Problem to solve:
Copy the records below exactly, starting at the line that contains "vlinder met lavender" and ending at the line that contains "Cyiecw Statua Pensatore"; leave out any pictures.

***** Exercise data

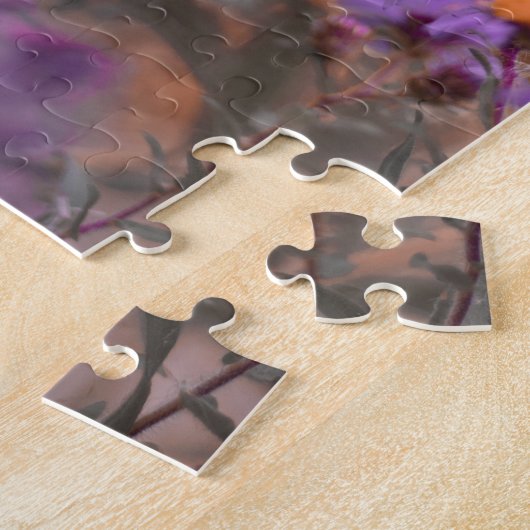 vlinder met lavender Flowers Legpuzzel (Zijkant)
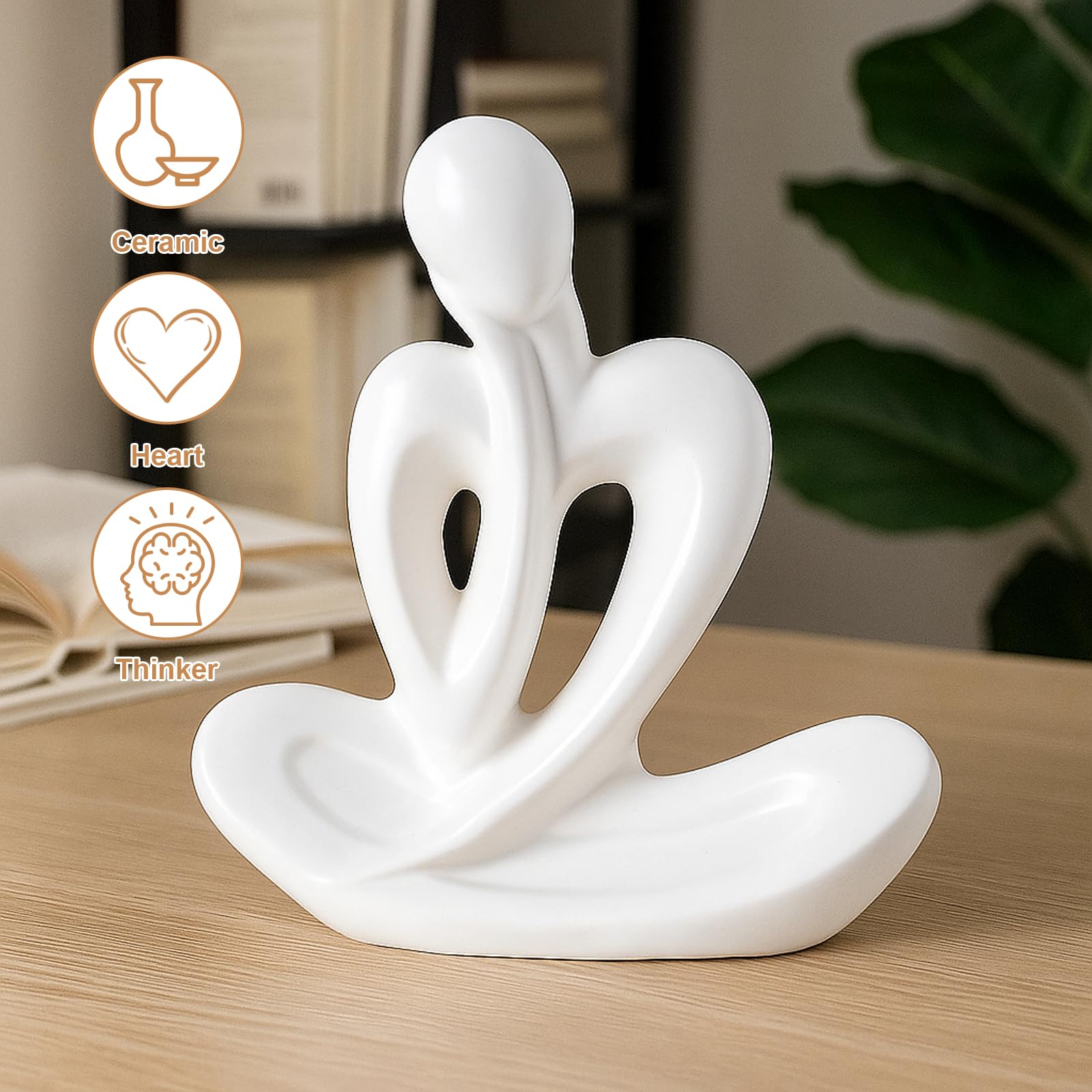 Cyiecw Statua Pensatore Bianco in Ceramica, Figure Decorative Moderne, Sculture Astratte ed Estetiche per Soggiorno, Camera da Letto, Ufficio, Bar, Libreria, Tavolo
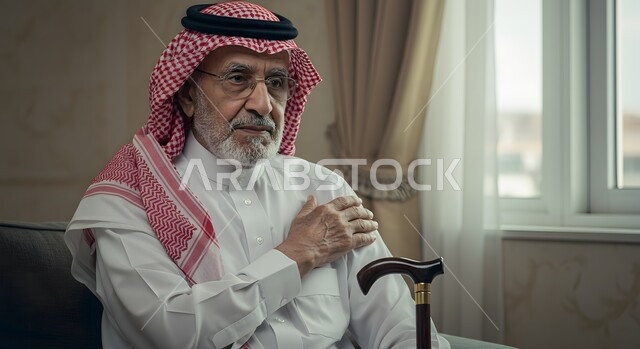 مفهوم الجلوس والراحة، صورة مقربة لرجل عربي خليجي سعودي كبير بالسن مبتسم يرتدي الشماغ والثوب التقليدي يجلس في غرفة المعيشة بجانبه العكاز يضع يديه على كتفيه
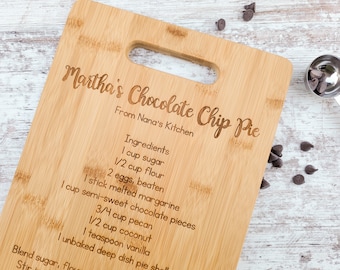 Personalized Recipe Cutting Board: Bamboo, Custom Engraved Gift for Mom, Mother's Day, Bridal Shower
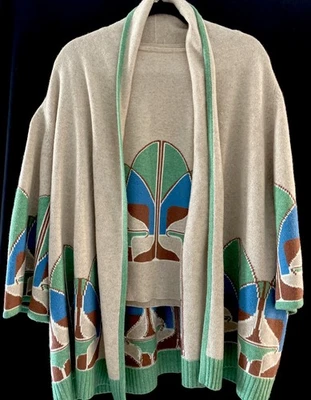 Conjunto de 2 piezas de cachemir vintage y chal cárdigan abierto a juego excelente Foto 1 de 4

**********
***** Exercise data

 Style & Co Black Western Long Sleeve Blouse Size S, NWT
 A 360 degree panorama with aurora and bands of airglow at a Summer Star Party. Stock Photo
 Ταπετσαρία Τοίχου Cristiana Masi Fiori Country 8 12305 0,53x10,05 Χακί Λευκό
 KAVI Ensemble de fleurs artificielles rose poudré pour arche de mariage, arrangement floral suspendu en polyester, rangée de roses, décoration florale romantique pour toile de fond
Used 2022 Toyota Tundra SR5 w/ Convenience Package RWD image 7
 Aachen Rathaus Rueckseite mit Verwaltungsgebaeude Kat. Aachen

**********

Result below:
 vlinder met lavender Flowers Legpuzzel (Zijkant)
 Cyiecw Statua Pensatore Bianco in Ceramica, Figure Decorative Moderne, Sculture Astratte ed Estetiche per Soggiorno, Camera da Letto, Ufficio, Bar, Libreria, Tavolo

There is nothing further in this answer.